━━━━━ Information

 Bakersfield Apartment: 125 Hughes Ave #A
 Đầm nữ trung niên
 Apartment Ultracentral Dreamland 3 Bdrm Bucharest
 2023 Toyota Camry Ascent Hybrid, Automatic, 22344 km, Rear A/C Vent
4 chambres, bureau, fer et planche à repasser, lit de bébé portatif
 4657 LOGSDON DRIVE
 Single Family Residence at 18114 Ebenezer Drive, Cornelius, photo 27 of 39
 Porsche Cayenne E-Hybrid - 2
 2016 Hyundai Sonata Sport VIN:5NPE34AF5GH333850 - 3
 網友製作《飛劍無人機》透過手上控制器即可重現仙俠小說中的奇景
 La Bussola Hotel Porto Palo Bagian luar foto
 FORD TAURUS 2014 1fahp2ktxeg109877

━━━━━━━━━━

Begin with the line that contains "Đầm nữ trung niên" and print each line exactly until the data ends, including the last line.

▸ **Finished exercise**:
 Đầm nữ trung niên
 Apartment Ultracentral Dreamland 3 Bdrm Bucharest
 2023 Toyota Camry Ascent Hybrid, Automatic, 22344 km, Rear A/C Vent
4 chambres, bureau, fer et planche à repasser, lit de bébé portatif
 4657 LOGSDON DRIVE
 Single Family Residence at 18114 Ebenezer Drive, Cornelius, photo 27 of 39
 Porsche Cayenne E-Hybrid - 2
 2016 Hyundai Sonata Sport VIN:5NPE34AF5GH333850 - 3
 網友製作《飛劍無人機》透過手上控制器即可重現仙俠小說中的奇景
 La Bussola Hotel Porto Palo Bagian luar foto
 FORD TAURUS 2014 1fahp2ktxeg109877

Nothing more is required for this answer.